Japan was in close allegiance with Germany and Italy, sharing the same right-wing ideals. Japan signed an anti-communism pact with Germany in 1936 and in 1940, it joined with Germany and Italy in the Tripartite Pact: a military alliance.
In Austria, Engelbert Dollfuss was so inspired by Mussolini’s ideas that in the 1930s, he dissolved parliament and installed himself as a fascist dictator. The regime lasted until Austria became a part of Nazi Germany. António de Oliveira Salazar was equally inspired by Mussolini and created a fascist regime in Portugal: the Estado Novo regime.
Finland also saw the establishment of a right-wing party. The Lapau Movement began as a nationalist and anti-communist party but turned its politics to the far-right. It was banned in 1932 after it staged a failed coup d'état, but another nationalist and anti-communist party was established in its wake.
The National Socialist Movement of Chile formed in 1932. The party was in support of Hitler and Nazism, with a strong emphasis on his anti-Semitic ideas (although it later abandoned this particular element).
The movement extended to Croatia, where a far-right party was established as early as 1929. Its focus on creating a ‘Greater Croatia’, the Ustasha – Croatian Revolutionary Movement aligned with the Nazi party in its wish to racially purify the country, a belief that led to the slaughter of thousands. When Yugoslavia was invaded in 1941, the Independent State of Croatia was formed and the party came to power.
After a rise that saw the far-right parties come to power through the 1920s and 30s, the 1940s saw many of them banned and the Nazi party was dissolved in 1945.
If the aftermath of World War One set the perfect stage for a rise of the right-wing, the Second World War furthered it. Thanks to German invasions, Hitler’s ideas were forcibly spread farther. The invasion of Norway led to a fascist party coming to power until 1943, although it received little support. And fascism inspired parties in Poland, Hungary, South Africa, Romania and Slovakia.

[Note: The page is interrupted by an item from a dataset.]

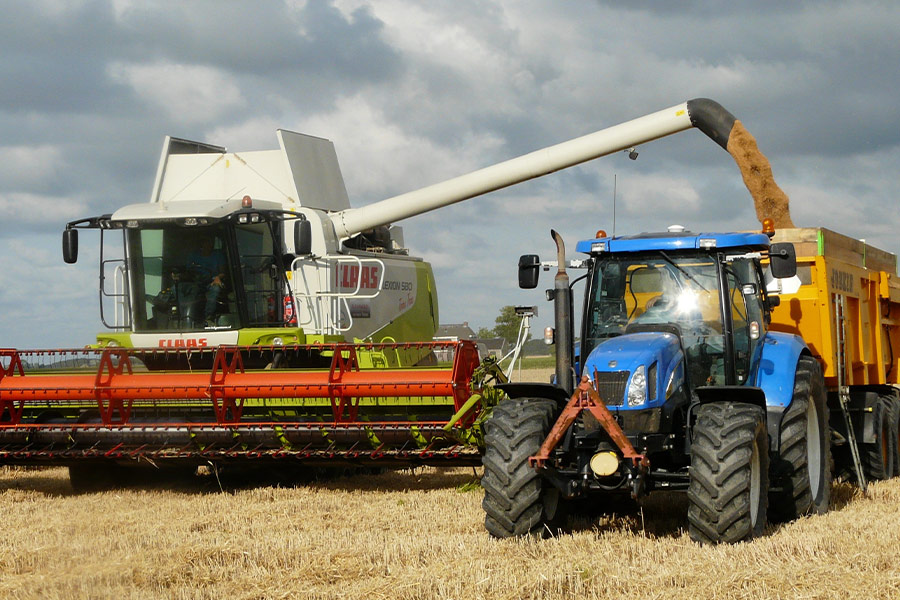 Tractors harvesting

After France was defeated by Germany, the Vichy regime collaborated with the Nazis. Under the power of Philippe Pétain, ‘undesirables’ were persecuted, internment camps were used and raids were carried out. In 1942, the Vel' d'Hiv Roundup saw over 13,000 Jewish people arrested and taken to Auschwitz. Many died on the way and those that did were sent to the gas chambers.
After a rise that saw the far-right parties come to power through the 1920s and 30s, the 1940s saw many of them banned and the Nazi party was dissolved in 1945. Now, however, the same political ideas are springing up after a pattern of similar economic circumstances. We have been through a world recession (and could be facing another one), seen a rise in austerity, unemployment, and a drop in living standards.
In 2016, Labour MP Jo Cox was killed by a man allegedly obsessed with Nazis and white supremacy. That same year, a neo-Nazi party was banned in the UK for the first time in history. Then there’s Brexit.
Last year, the Charlottesville riots saw a rally of white supremacists. After counter-protestors gathered, a white supremacist drove his car into the crowd, killing one and injuring 19 others. The Ku Klux Klan became more visible.
There’s also been a rise in religious hate crime. White Supremacist Dylan Roof killed nine people in a church in 2015. In 2017, a van was driven into a crowd of people gathered outside Finsbury Park Mosque. And now, we’ve had the mass shooting at a Pittsburgh Synagogue, when an anti-Semite man shot and killed 11 people.
2018 might not be the 1920s, but unfortunately, fascism still exists and there’s a current rise of the right-wing that echoes what happened before.